MON
CURÉ CHEZ LES FOURMIS
Après l'Aida de septembre
2002, pouvait-on imaginer un spectacle encore plus incongru dans le cadre
gigantesque du Stade de France ? C'est le pari tenté et tenu pour
ce spectacle, intitulé un peu pompeusement "Opéra Céleste"
et qui allie partition de Verdi et "laser-show-pour-boîte-de-nuit-branchée".
Au centre : orchestre, solistes et
choeurs sont placés dans une gigantesque boule ajourée tournant
imperceptiblement sur elle même (elle achève un cycle complet
à la fin du Requiem : mon Dieu qu'c'est-y-beau !).
Pourquoi la boule tourne-t-elle ? Mystère,
puisque de toute façon il est impossible de distinguer les interprètes
(l'illustration ci-dessus est strictement conforme à ce que je voyais
de ma place : imaginez ceux qui étaient plus loin !).

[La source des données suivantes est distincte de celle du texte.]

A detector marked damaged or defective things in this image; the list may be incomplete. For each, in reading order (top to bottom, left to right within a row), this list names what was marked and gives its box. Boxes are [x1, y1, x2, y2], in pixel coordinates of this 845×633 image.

Tout autour de la pelouse, 48 écrans
"géants" (tout est relatif, là encore, voyez l'illustration
!) et "recto verso", projettent gros plans des solistes , citations de
la partition ou illustrations visuelles.
Enfin, la pelouse elle-même,
transformée en écran géant, accueille des projections
psychédéliques qui suivent et illustrent la musique : effets
visuels kaléidoscopiques, image géante du plafond de la Chapelle
Sixtine, constellations en mouvements, nuages, etc.
L'effet est assez réussi et
capte l'attention pendant les 20 premières minutes, mais, à
la longue, ce clip géant finit par lasser.
D'un autre côté, ce n'est
pas pire qu'assister au même Requiem, coincé derrière
un pilier de Notre Dame ou noyé au fond de la Basilique St Denis
!
Par rapport à Aida, la sonorisation
est très largement améliorée : le son provient de
la boule elle-même et non plus du toit (cet effet accentuait la distanciation
avec le spectacle et les chanteurs qui s'agitaient au ras du sol).

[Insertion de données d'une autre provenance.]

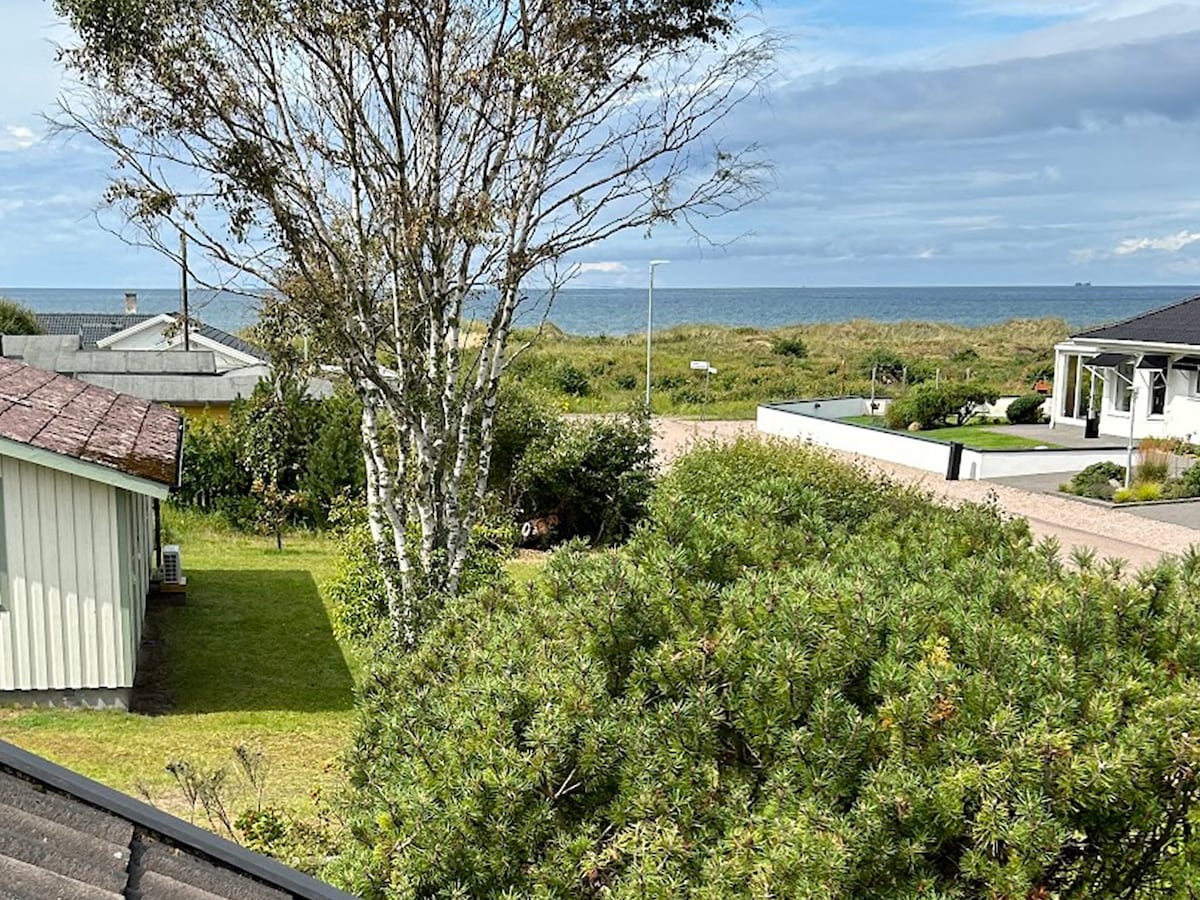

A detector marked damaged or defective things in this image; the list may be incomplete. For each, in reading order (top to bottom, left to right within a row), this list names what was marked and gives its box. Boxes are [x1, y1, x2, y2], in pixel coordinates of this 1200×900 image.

rusty metal roof [0, 357, 181, 489]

Il est tout de même paradoxal
de réunir dans un stade 50.000 personnes pour, au bout du compte,
regarder la télévision, écouter la sono, contempler
des images sur une pelouse, tout ça à des tarifs supérieurs
à ceux d'une représentation à l'Opéra Bastille
!
A quand le Concerto pour piano
de Tchaikovski, avec accompagnement de feux d'artifice, ou Le Voyage
d'Hiver avec canons à neige et lâcher de ballons ?!
Ce qui est dommage, c'est qu'un tel
spectacle s'apprécierait bien davantage dans un lieu à taille
plus humaine, tel que Bercy (voire le Parc des Princes, c'est dire !).
Ici, nous sommes totalement perdus.
Il est vrai que Bercy n'accueille
"que" 10.000 spectateurs (et le Parc 40.000), ce qui n'assure pas la même
rentabilité !
Dans ce spectacle hybride, la qualité
musicale passe au second plan pour le spectateur, et c'est dommage car
la distribution, sans être exceptionnelle, se tient globalement.
Avec une technique moyennement assurée,
Adrianne Pieczonka alterne quelques beaux moments avec des passages où
elle semble déchiffrer le bottin.
Tea Demurishvili est le maillon faible
: graves difficiles, voix parfois dans les joues.
René Pape est ici un LUXE :
beauté du chant, technique parfaite, rigueur de l'interprétation
... tout juste pourrait-on lui reprocher un léger manque d'investissement
dramatique ; difficile, il est vrai, de ressentir une ferveur religieuse
dans un tel environnement.
Tito Beltran, bon petit ténor
lyrique, déçoit un peu : le timbre reste beau, mais il peine
parfois dans l'aigu ; c'est pourtant un habitué du Duc de Mantoue
ou d'Edgardo .
A la tête d'un orchestre et de
choeurs irréprochables, Jean Claude Casadesus assure une direction
honnête et efficace, sans grande personnalité toutefois.
L'écoute du public est étonnamment
attentive et l'accueil, sans être délirant, est chaleureux.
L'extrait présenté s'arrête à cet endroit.